The delay times are intentionally set to low; this was for testing purposes, you can edit it.
The retry logic is an infinite-loop, which exits when max retries are reached, or when it encounters FinalError
, which is sent through the Stop()
function. It also uses a timer channel which will send the current time on its channel after duration of exponential backoff.
Let’s do a GET request on a normal page (https://httpstat.us/200
) in our function which is to be retried:
❯ go run main.go
~/retry-test
❯
It runs successfully!
Running on a page with 503
status code (https://httpstat.us/503
):
❯ go run main.go
Retry #1
Retry #2
Retry #3
Retry #4
Retry #5
Retry #6
Retry #7
Retry #8
Retry #9
Retry #10
Max retries reached.
Retryable HTTP status: 503: Service Unavailable
Since the page returns 503
indefinitely, the retry mechanism comes into play, and tries to retry until it reaches the maximum number of retry attempts.

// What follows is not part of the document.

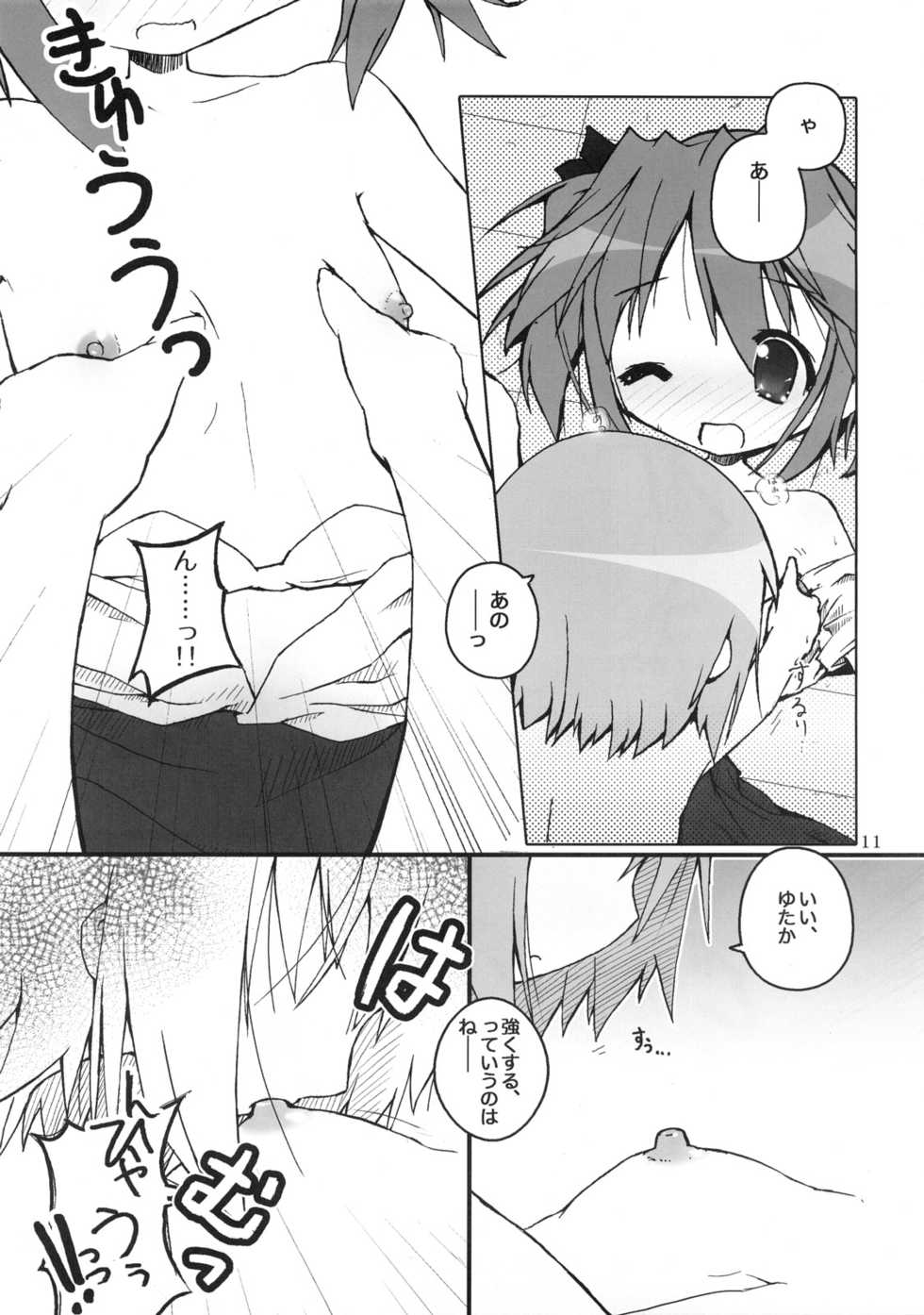 (SC36) [Zenpou Fuchuui (Tamura Hiyori)] Hiyorin Break!! (Lucky Star) - Page 12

Running on a page with 404
status code (https://httpstat.us/404
):
❯ go run main.go
Retry #1
Non-retryable HTTP status: 404: Not Found
Since 404
is non-retryable in nature, the retry mechanism stops itself.
We have now successfully implemented a retry mechanism with exponential backoff in Go! I hope this post was insightful!
Here are some tips for retry mechanisms:
- If you are unsure what type of failure you anticipate and whether or not it is recoverable, the best option is to fail fast, not to retry at all.
- If you have a mission-critical operation, retry mechanisms alone will not solve your problem. It will require a careful design of full-fledged resilience engineering that covers retry mechanism, chaos engineering, circuit-breakers, monitoring, etc.